(Records)

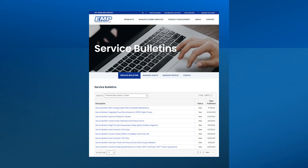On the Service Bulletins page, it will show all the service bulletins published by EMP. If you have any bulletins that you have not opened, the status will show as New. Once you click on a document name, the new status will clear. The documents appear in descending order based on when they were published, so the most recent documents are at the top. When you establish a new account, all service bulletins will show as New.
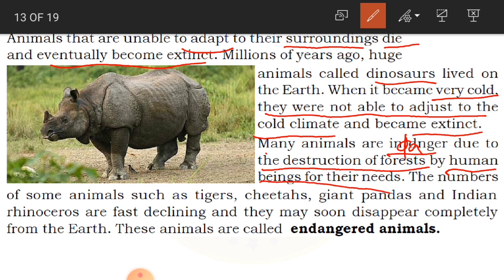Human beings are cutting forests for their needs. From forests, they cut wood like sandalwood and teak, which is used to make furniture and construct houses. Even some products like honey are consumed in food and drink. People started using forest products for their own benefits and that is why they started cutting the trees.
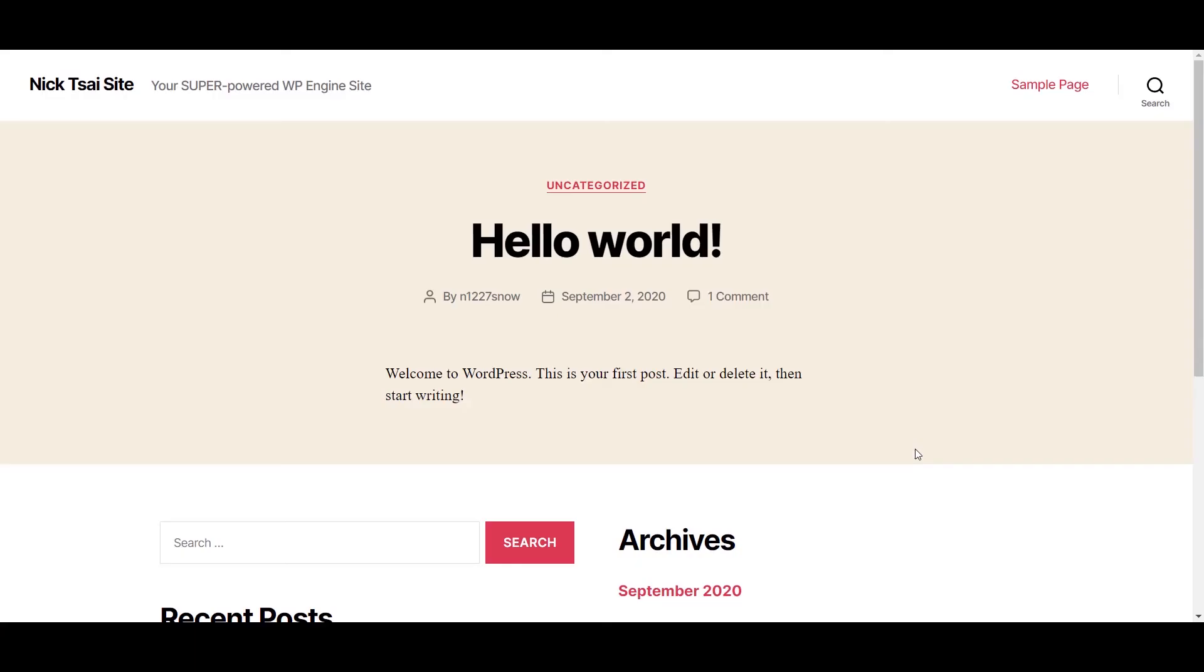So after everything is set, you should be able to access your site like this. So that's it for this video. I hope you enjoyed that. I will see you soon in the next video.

(End Records)
(Records)

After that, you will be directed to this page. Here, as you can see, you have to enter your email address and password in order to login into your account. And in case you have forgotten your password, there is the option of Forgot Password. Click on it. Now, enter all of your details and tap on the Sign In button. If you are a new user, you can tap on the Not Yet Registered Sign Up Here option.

(End Records)

Exercise aim:
Using the data above, output the line that has "On the Service", the line that has "So after everything", and whatever lines fall between, each exactly as it stands and without pictures.

Answer to the exercise:
On the Service Bulletins page, it will show all the service bulletins published by EMP. If you have any bulletins that you have not opened, the status will show as New. Once you click on a document name, the new status will clear. The documents appear in descending order based on when they were published, so the most recent documents are at the top. When you establish a new account, all service bulletins will show as New.
Human beings are cutting forests for their needs. From forests, they cut wood like sandalwood and teak, which is used to make furniture and construct houses. Even some products like honey are consumed in food and drink. People started using forest products for their own benefits and that is why they started cutting the trees.
So after everything is set, you should be able to access your site like this. So that's it for this video. I hope you enjoyed that. I will see you soon in the next video.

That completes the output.